Kolejne porównanie dotyczyło odpowiedzi na pytanie o śmierć kogoś bliskiego w następstwie zakażenia koronawirusem. Na to pytanie 60 osób (ponad 13%) odpowiedziało twierdząco. Porównanie grup testem t-Studenta wykazało istotnie wyższy w grupie „straty” niż u pozostałych poziom tendencji samobójczych (M = 5,94, SD = 3,08 vs M = 6,67, SD = 3,38; t = –2,71, p < 0,01, d = 0,23, efekt słaby). Wyższe wyniki (efekty słabe) grupa ta osiągnęła również w dwóch podskalach Trudności Pandemii: brak kontaktów społecznych (M = 2,40, SD = 0,97 vs M = 2,12, SD = 0,91; t = 2,16, p < 0,04, d = 0,30) oraz niepokój o rozprzestrzenienie się pandemii (M = 2,50, SD = 0,78 vs M = 2,22, SD = 0,80; t = 2,43, p < 0,02, d = 0,35).

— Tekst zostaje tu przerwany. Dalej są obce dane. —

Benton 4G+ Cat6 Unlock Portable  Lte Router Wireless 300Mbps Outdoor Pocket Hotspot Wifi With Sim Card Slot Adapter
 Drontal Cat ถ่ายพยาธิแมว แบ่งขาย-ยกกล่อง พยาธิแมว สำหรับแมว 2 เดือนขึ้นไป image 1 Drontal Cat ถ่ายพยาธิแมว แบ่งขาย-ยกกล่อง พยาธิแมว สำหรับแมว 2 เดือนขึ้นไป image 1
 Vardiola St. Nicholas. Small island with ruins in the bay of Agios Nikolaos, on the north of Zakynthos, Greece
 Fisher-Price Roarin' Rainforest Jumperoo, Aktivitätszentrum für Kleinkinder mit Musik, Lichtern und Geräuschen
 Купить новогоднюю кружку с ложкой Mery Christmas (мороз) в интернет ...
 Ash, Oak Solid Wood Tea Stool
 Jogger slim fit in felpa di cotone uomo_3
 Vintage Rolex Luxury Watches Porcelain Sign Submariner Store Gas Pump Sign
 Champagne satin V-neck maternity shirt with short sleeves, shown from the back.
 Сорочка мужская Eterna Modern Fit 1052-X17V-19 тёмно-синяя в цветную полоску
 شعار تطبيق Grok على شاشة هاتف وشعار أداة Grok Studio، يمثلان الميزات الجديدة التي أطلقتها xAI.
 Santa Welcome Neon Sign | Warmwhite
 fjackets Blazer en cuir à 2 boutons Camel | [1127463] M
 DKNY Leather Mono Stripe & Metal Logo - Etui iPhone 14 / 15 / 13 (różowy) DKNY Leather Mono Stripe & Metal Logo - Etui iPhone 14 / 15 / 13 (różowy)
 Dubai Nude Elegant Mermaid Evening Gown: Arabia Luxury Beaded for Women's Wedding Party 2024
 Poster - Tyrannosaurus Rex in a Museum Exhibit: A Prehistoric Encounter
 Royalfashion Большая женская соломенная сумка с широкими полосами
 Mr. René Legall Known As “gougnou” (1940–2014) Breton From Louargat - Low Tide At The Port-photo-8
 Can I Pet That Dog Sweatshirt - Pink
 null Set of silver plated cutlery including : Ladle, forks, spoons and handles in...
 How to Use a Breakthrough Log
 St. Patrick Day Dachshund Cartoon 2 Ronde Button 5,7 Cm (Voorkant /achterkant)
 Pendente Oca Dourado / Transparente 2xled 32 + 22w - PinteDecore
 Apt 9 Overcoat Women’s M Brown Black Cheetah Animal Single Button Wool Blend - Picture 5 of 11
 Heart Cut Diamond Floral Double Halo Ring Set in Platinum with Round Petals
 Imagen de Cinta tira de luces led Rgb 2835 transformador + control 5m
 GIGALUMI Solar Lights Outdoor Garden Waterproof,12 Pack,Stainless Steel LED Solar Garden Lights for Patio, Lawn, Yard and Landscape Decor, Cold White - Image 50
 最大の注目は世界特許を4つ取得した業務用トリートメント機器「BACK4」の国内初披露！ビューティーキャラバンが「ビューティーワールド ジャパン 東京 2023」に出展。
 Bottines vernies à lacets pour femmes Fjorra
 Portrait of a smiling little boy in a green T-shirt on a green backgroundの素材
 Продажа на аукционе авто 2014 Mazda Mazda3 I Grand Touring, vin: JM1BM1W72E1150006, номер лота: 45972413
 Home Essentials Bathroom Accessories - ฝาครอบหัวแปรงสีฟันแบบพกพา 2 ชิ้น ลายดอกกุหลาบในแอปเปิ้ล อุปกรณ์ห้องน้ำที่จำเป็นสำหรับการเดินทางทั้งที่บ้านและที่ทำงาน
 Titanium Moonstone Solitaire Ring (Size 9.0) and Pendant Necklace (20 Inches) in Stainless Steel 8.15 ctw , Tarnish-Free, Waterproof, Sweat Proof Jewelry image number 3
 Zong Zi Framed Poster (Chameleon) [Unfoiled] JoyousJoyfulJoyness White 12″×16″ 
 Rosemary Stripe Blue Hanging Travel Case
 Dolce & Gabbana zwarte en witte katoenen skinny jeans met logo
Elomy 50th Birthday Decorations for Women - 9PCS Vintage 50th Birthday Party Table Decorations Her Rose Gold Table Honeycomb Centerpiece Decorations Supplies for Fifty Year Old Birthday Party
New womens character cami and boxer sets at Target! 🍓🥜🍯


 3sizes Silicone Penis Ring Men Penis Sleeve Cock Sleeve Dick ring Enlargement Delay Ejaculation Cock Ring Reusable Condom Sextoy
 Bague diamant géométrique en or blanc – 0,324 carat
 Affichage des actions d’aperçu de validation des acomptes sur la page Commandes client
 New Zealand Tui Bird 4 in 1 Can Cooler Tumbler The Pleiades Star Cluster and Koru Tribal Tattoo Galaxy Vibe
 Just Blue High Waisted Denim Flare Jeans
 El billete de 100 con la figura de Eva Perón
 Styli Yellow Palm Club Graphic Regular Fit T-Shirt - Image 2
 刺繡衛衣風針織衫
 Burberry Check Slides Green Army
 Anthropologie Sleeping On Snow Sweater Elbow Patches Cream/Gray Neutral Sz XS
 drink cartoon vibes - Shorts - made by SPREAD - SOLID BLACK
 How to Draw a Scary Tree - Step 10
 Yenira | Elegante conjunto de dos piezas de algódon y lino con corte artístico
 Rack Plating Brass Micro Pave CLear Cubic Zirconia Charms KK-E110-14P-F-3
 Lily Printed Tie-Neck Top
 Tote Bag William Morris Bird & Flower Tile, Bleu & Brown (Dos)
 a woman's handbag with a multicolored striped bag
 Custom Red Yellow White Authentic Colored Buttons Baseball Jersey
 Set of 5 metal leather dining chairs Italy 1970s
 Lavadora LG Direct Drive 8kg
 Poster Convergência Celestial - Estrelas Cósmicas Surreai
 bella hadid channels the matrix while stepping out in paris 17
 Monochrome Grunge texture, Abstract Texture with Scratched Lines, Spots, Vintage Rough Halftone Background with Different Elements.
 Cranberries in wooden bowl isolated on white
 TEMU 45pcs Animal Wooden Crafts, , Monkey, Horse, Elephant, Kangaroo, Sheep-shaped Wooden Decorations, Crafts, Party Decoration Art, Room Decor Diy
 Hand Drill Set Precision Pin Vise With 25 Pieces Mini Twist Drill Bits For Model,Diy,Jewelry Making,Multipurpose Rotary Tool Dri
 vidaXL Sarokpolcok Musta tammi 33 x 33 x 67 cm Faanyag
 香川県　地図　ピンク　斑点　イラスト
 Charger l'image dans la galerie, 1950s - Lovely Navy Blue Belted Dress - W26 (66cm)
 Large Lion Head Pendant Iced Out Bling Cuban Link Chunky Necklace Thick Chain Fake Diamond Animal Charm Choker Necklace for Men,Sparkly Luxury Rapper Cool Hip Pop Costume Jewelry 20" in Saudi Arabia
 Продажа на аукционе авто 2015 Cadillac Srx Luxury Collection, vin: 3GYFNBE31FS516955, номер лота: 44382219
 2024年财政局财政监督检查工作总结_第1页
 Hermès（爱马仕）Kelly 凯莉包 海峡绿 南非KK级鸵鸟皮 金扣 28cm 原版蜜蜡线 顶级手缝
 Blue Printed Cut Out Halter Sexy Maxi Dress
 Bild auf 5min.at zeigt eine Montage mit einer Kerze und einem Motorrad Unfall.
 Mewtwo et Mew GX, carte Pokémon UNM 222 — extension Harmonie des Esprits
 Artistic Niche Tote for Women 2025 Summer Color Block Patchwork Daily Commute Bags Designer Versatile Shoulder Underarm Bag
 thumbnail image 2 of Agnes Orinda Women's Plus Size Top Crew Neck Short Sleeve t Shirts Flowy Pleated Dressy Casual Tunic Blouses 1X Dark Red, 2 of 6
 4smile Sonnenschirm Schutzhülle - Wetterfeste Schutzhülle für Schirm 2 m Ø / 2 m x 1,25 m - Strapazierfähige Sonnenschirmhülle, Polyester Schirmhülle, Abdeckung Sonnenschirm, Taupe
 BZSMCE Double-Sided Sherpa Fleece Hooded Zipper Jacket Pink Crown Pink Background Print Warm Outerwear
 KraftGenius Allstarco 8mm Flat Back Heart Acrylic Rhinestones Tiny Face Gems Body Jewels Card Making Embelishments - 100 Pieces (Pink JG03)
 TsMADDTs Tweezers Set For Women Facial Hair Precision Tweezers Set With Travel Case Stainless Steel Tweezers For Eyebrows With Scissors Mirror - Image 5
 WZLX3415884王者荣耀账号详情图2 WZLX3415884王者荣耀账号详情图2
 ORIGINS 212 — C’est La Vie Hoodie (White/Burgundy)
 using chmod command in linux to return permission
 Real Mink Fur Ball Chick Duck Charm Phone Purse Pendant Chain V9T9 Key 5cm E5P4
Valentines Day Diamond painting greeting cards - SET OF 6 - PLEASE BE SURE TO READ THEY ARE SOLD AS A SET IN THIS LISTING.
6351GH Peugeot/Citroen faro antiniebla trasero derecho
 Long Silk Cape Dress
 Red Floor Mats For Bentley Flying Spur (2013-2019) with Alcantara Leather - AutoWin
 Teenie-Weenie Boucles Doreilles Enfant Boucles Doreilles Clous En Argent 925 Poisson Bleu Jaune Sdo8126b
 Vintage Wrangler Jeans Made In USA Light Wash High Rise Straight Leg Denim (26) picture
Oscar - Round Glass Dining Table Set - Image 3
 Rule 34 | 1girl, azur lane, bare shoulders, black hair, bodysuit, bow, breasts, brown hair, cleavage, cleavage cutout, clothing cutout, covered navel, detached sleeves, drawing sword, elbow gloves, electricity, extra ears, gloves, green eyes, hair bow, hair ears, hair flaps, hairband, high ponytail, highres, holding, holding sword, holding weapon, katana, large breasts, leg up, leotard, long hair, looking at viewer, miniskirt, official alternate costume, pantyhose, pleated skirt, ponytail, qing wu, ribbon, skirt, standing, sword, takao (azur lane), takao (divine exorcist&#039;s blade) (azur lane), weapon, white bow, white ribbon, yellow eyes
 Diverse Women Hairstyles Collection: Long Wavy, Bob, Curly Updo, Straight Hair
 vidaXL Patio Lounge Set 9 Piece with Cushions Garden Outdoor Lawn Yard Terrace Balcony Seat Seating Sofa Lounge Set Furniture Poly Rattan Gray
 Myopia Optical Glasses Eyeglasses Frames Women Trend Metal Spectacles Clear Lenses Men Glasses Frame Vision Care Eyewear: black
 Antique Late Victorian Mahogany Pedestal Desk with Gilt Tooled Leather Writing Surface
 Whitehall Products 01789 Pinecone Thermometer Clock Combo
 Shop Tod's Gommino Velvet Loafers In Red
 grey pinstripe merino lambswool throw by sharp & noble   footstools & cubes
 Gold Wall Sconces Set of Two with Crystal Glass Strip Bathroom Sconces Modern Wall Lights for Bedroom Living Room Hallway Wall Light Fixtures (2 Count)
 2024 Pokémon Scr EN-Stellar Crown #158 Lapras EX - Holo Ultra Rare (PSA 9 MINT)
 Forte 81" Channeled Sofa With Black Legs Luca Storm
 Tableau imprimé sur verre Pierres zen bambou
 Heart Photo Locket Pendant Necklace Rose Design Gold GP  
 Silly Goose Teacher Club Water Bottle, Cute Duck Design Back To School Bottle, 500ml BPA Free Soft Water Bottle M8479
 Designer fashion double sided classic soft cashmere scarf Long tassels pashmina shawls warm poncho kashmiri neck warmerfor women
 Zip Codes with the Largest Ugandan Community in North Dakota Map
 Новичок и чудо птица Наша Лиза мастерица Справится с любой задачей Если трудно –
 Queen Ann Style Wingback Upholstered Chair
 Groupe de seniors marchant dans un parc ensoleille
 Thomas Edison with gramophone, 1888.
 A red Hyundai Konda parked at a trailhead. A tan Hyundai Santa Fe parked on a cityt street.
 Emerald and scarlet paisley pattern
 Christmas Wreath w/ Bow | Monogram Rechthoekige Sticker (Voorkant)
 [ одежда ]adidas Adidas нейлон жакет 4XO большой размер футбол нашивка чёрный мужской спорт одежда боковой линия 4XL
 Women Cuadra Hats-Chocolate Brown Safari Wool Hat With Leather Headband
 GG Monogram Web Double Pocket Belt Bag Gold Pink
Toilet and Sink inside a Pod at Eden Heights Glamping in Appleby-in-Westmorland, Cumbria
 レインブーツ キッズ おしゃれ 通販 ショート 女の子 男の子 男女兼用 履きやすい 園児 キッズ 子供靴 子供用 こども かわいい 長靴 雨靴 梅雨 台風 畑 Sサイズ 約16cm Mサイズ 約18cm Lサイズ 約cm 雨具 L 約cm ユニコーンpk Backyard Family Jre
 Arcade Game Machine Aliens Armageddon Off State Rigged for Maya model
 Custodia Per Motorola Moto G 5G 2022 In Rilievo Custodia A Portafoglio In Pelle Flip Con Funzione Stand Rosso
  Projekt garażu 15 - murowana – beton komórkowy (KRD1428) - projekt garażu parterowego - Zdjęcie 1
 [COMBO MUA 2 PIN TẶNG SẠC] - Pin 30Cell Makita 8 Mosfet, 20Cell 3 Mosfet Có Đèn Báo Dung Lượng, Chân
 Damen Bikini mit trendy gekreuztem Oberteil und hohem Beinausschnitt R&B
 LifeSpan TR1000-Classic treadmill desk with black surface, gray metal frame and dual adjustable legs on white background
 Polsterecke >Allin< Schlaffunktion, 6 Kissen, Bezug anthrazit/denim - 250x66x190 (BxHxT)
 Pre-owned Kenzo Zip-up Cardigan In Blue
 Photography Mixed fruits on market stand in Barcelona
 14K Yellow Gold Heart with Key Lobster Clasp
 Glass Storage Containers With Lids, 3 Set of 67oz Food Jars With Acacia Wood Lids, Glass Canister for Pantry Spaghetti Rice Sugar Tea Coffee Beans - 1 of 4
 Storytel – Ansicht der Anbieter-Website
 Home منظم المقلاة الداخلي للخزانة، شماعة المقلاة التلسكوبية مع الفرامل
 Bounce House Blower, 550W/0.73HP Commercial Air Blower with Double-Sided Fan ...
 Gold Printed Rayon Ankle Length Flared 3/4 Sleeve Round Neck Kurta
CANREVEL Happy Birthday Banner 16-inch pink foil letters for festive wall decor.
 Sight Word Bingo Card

Analizy kolejnych dwóch pytań (obawa o zachorowanie kogoś z bliskich oraz obawa o straty ekonomiczne) nie wykazały istotnych statystycznie różnic między grupami. Następne pytanie dotyczyło przerwania kariery zawodowej (utrata pracy, zmiana pracy) w następstwie pandemii – na tak postawione pytanie twierdząco odpowiedziało 60 osób (grupa 2); pozostali (grupa 1) nie odnotowali takiego wydarzenia. Porównanie grup (różnice istotne statystycznie) przedstawiono w tabeli IV.
Jak widąć osoby, których sytuacja zawodowa uległa przerwaniu w okresie pandemii, charakteryzują się większym nasileniem stresu pourazowego i złożonego stresu pourazowego (efekty słabe), tendencji suicydalnych (efekt umiarkowany) oraz odczuwanych trudności wynikających z pandemii (efekt słaby i umiarkowany). Osoby te odczuwają także znacznie niższe zadowolenie z życia (efekt umiarkowany).
W ramach analiz na podstawie Skali Trudności Pandemii porównano trudności odczuwane w tym okresie przez kobiety i mężczyzn (tabela V – test t-Studenta).
Przedstawiona analiza pokazuje, że biorące udział w terapii uzależnione kobiety, w porównaniu z mężczyznami, potwierdzają występowanie znacząco większych trudności i problemów w okresie pandemii. Dotyczy to szczególnie trudności w domu i bliskich relacjach (przeciążenie obowiązkami, konflikty domowe) oraz siły lęku przed możliwością rozprzestrzeniania się pandemii (efekty umiarkowane).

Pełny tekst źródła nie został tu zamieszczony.